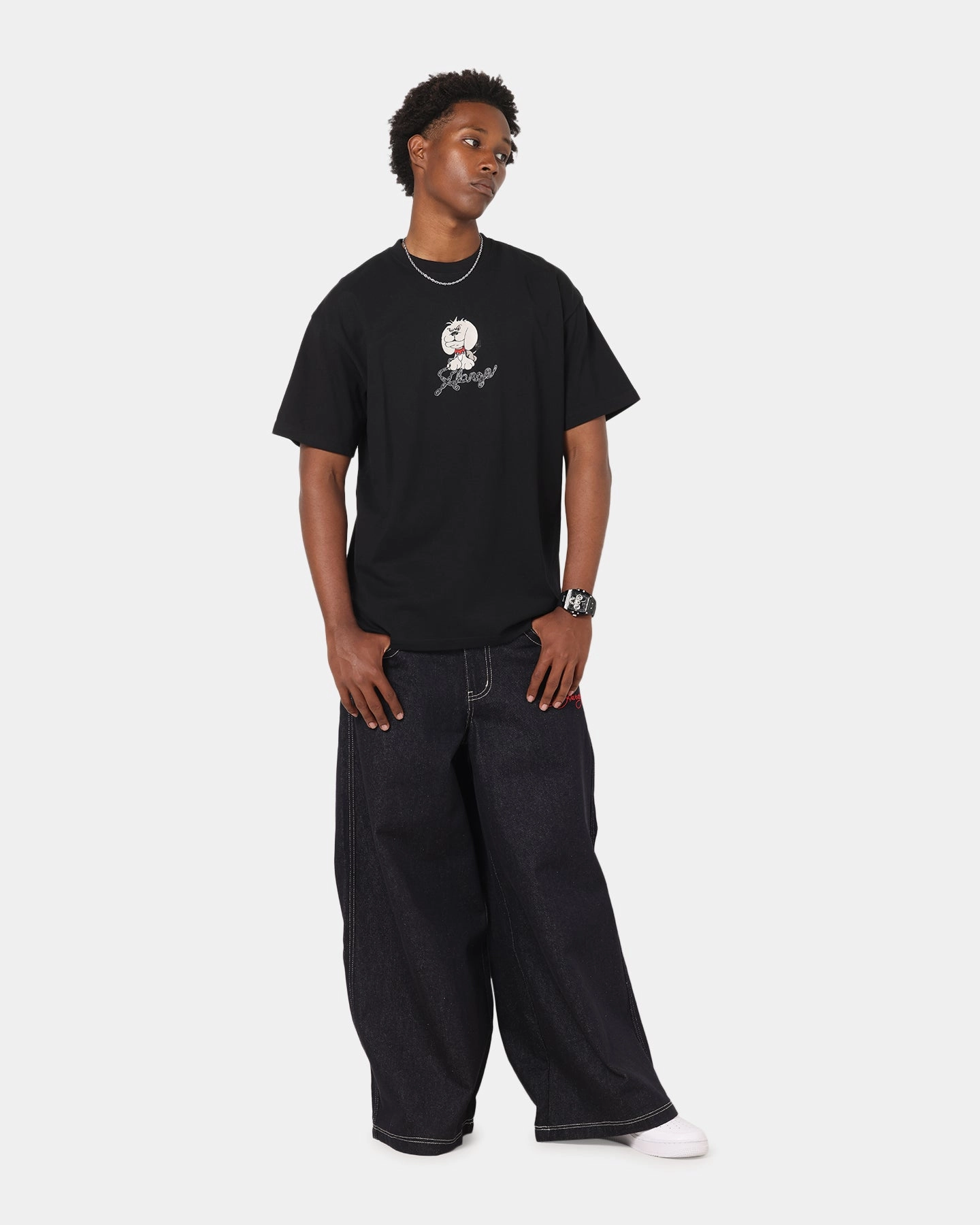 X-Large Off Leash T-Shirt Black Trendy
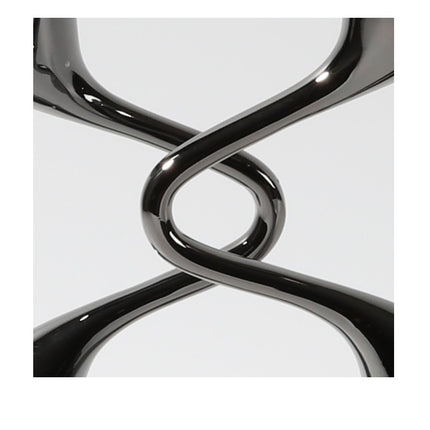 Modern Luxury Silver Metal Candle Holder Ornament For Home Decor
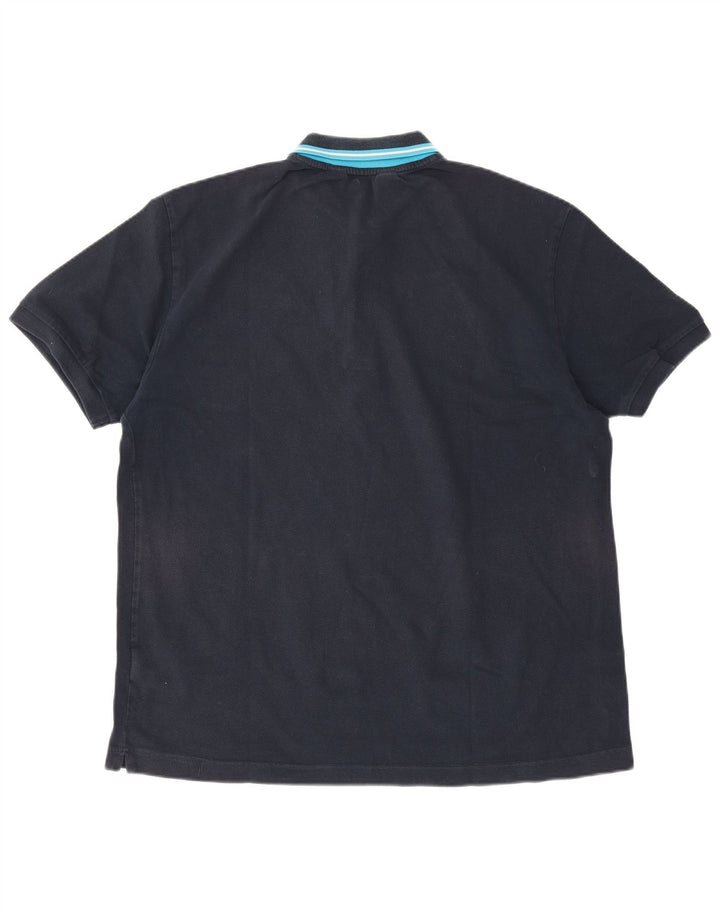 Ανδρικό μπλουζάκι πόλο Kappa 2XL Navy Blue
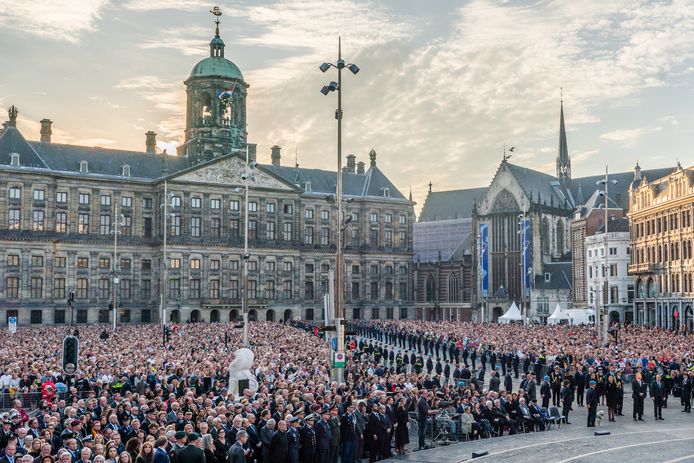 4 mei 2023: de Nationale Herdenking op de Dam in Amsterdam.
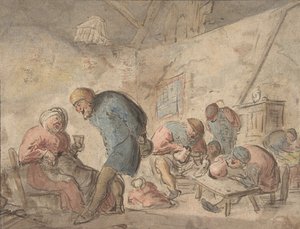 Peasants Drinking, (detail)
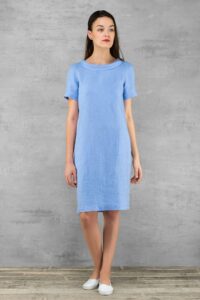 MATILDE Kjole lyseblå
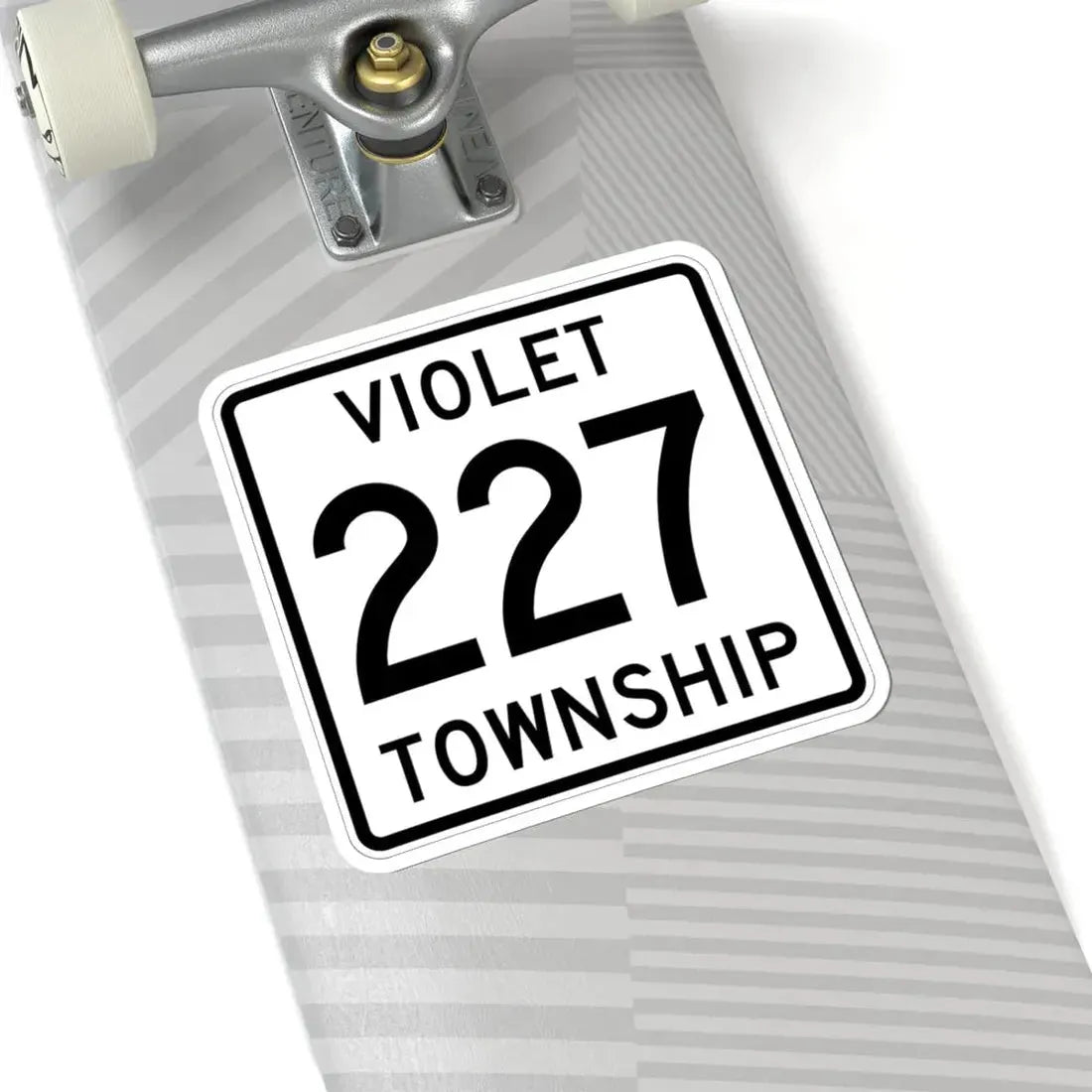 Violet Township Route 227 Fairfield County Ohio (Ohio) (Road Sign) STICKER Vinyl Kiss-Cut Decal - The Sticker Space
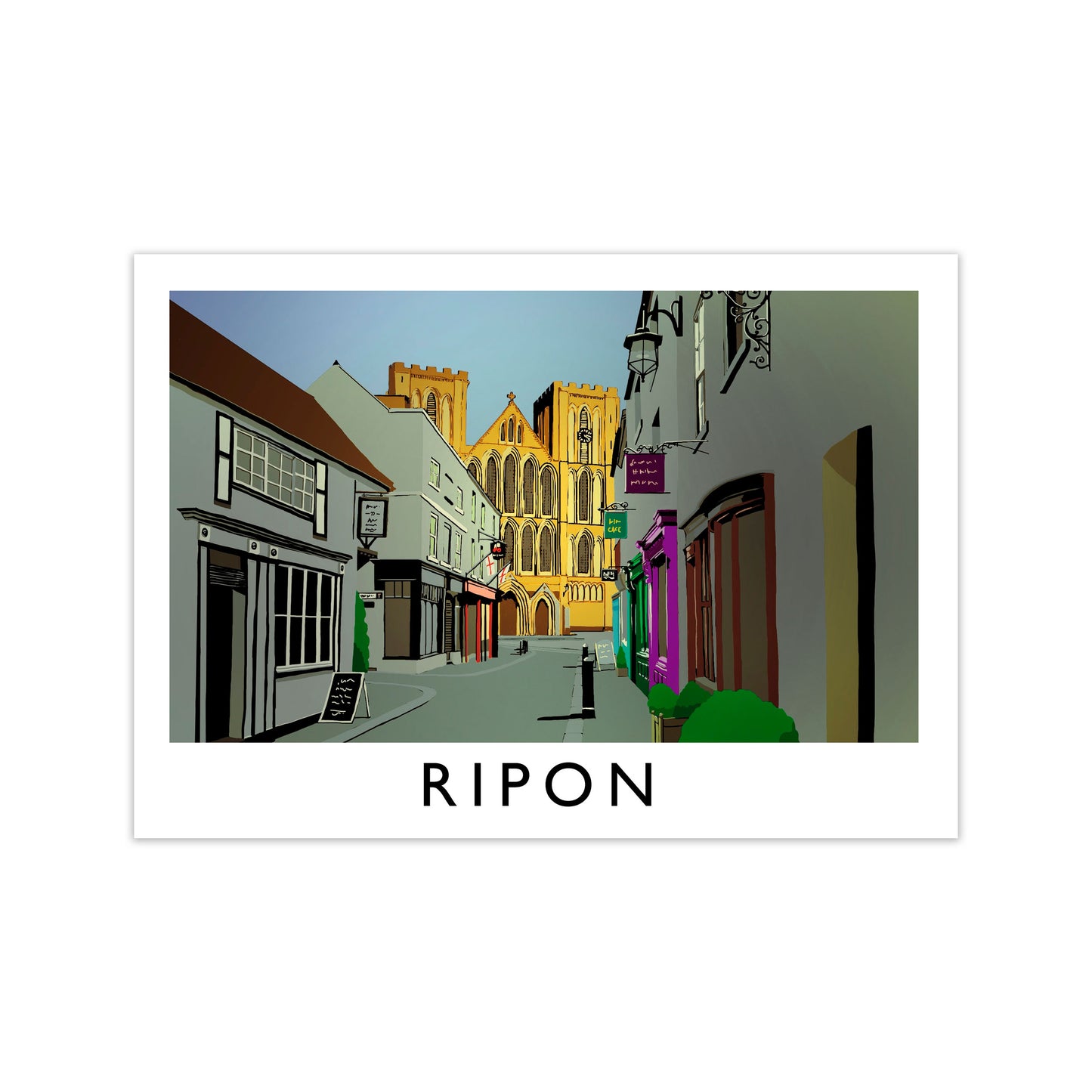 Ripon Framed Digital Art Print by Richard O'Neill, Framed Wall Art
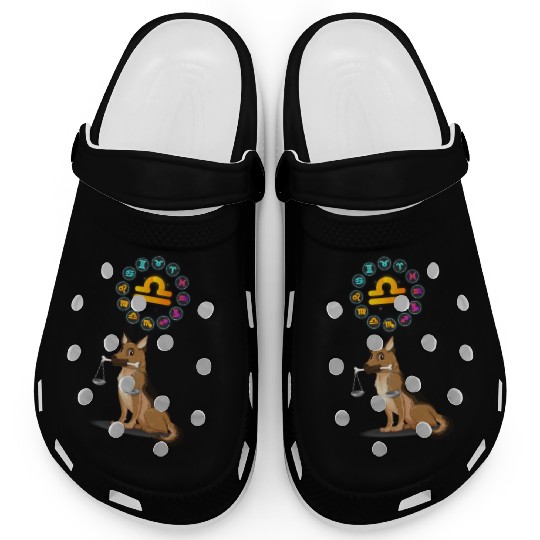 Funny Dog Lover Horoscope Libra Zodiac Sign Cool Clogs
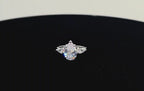 Everlight Pear Trilogy Ring - 3.5CT Three Stone Pear Cut Moissanite Engagement Ring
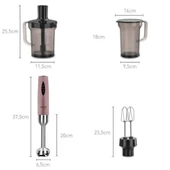 Korkmaz Vertex Mega Rosagold Blender Set A445-05 - 3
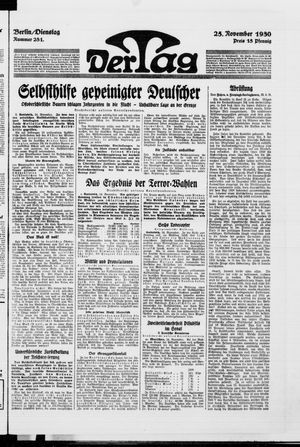 Der Tag vom 25.11.1930
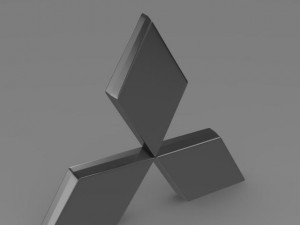 mitsubishi logo 3Dモデル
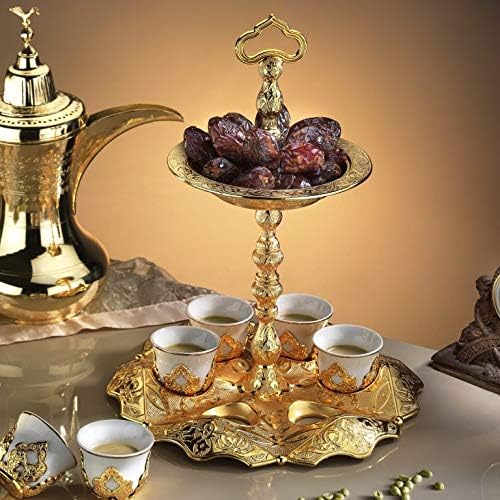 Lamodahome עות'מאני טורקי קפה ערבי יווני Mırra Espresso הגשת כוס מתנה סט מתנה אחסן כסף Mırra - כוסות גהווה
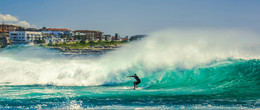 Серфинг в Австралии / Сидней пляж Марубра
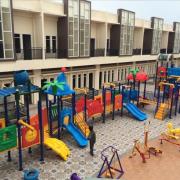 kindergarten playground in Indonesia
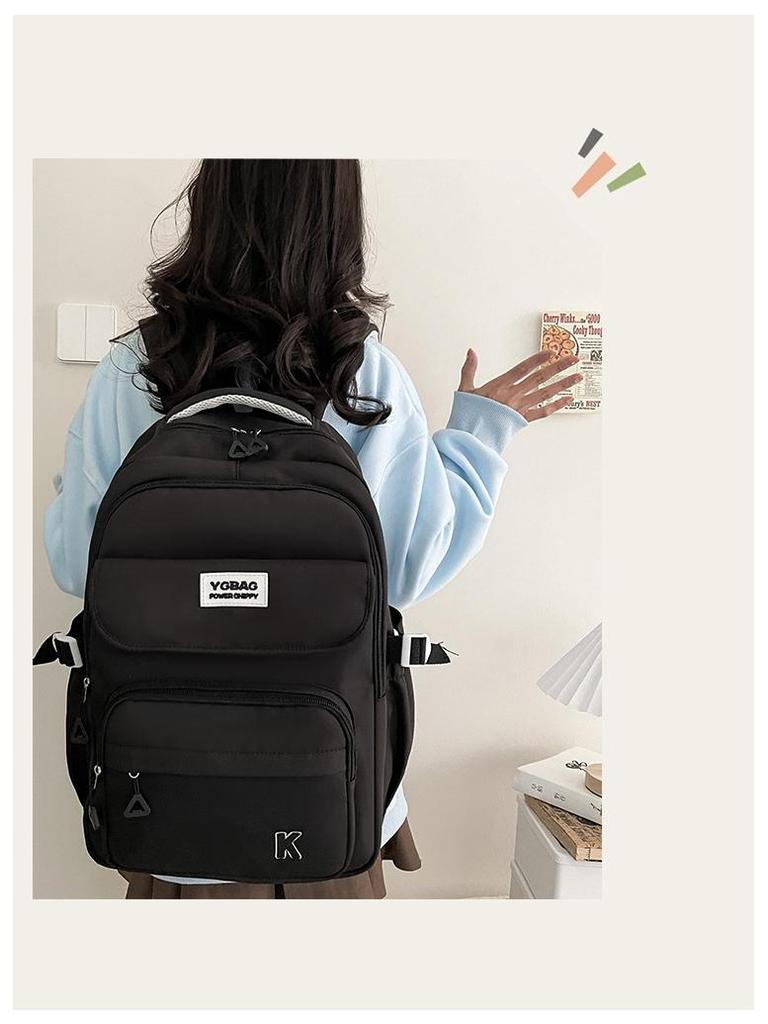 Koreanischer Harajuku-Stil Rucksack mit großem Fassungsvermögen, spritzwassergeschützt, modisch für Studentinnen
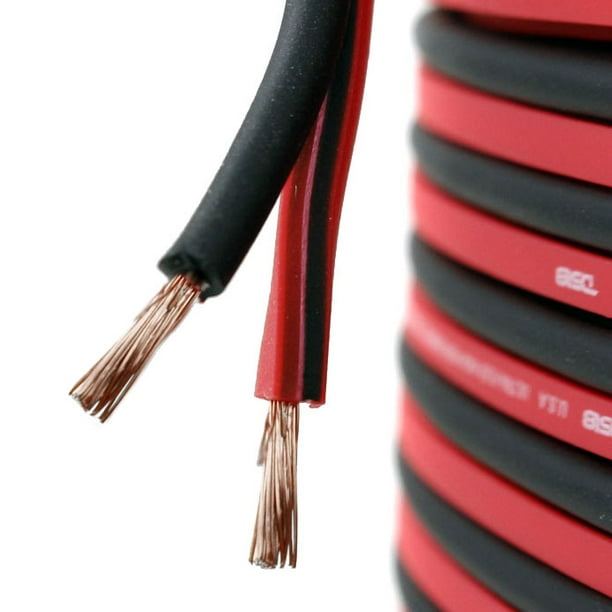 20 Ft 18 Gauge AWG Speaker Wire Cable Car Home Audio 20' Black and Red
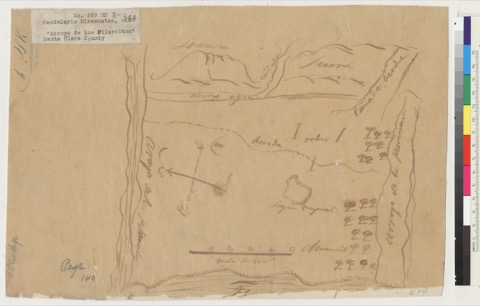 Diseño: Diseño del Rancho Arroyo de los Pilarcitos or Miramontes, Calif.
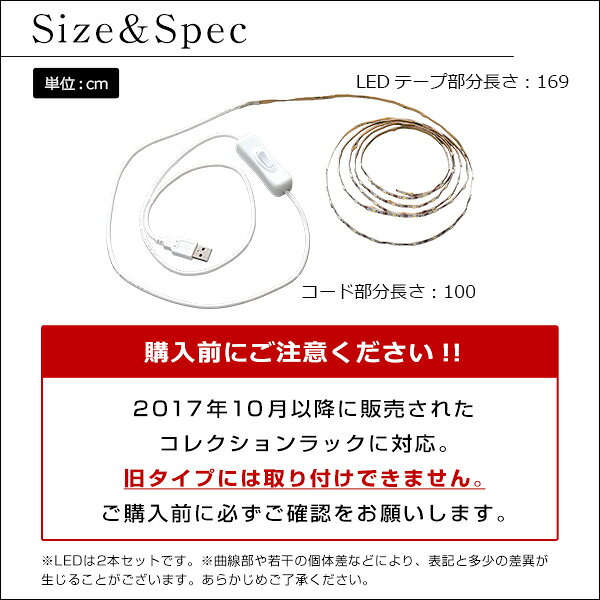 コレクションラック専用LEDテープライトUSBタイプ [2]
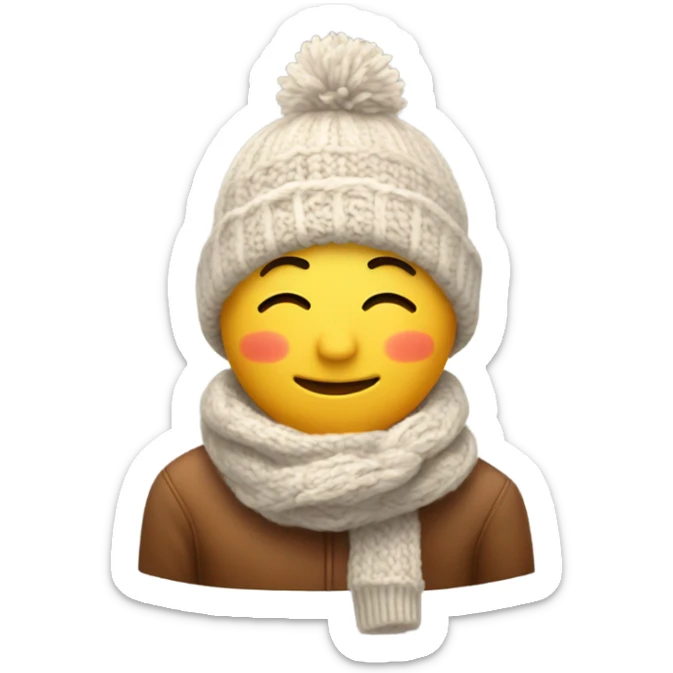 cozy emoji sticker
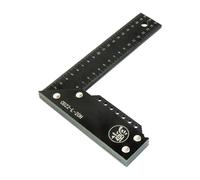 Escuadra de maquinista - Metal, regla de ángulo recto, herramienta confiable | DuProfessional Grade, Escuadra de carpintero para carpinteros, constructores y artesanos, marcado dimensional de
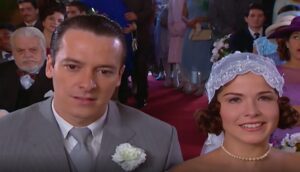 Guilherme leva Celina ao altar em Chocolate com Pimenta (Foto: Reprodução / Globo)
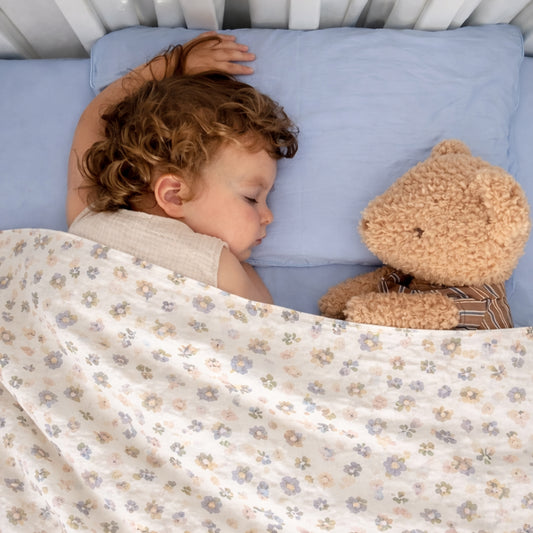 Breathable Muslin Receiving Blanket - Soft Pure Cotton Swaddle - Versatile Infant Bedding & Bath Towel Set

══════

**What to do:** Give again, exactly as written above, each line from the one that has "mitsubishi logo 3Dモデル" to the one that has "cozy emoji sticker", both included; omit the pictures.

**Exercise result:**
 mitsubishi logo 3Dモデル
 Lamodahome עות'מאני טורקי קפה ערבי יווני Mırra Espresso הגשת כוס מתנה סט מתנה אחסן כסף Mırra - כוסות גהווה
 Серфинг в Австралии / Сидней пляж Марубра
 kindergarten playground in Indonesia
 Koreanischer Harajuku-Stil Rucksack mit großem Fassungsvermögen, spritzwassergeschützt, modisch für Studentinnen
 20 Ft 18 Gauge AWG Speaker Wire Cable Car Home Audio 20' Black and Red
 Diseño: Diseño del Rancho Arroyo de los Pilarcitos or Miramontes, Calif.
 コレクションラック専用LEDテープライトUSBタイプ [2]
 cozy emoji sticker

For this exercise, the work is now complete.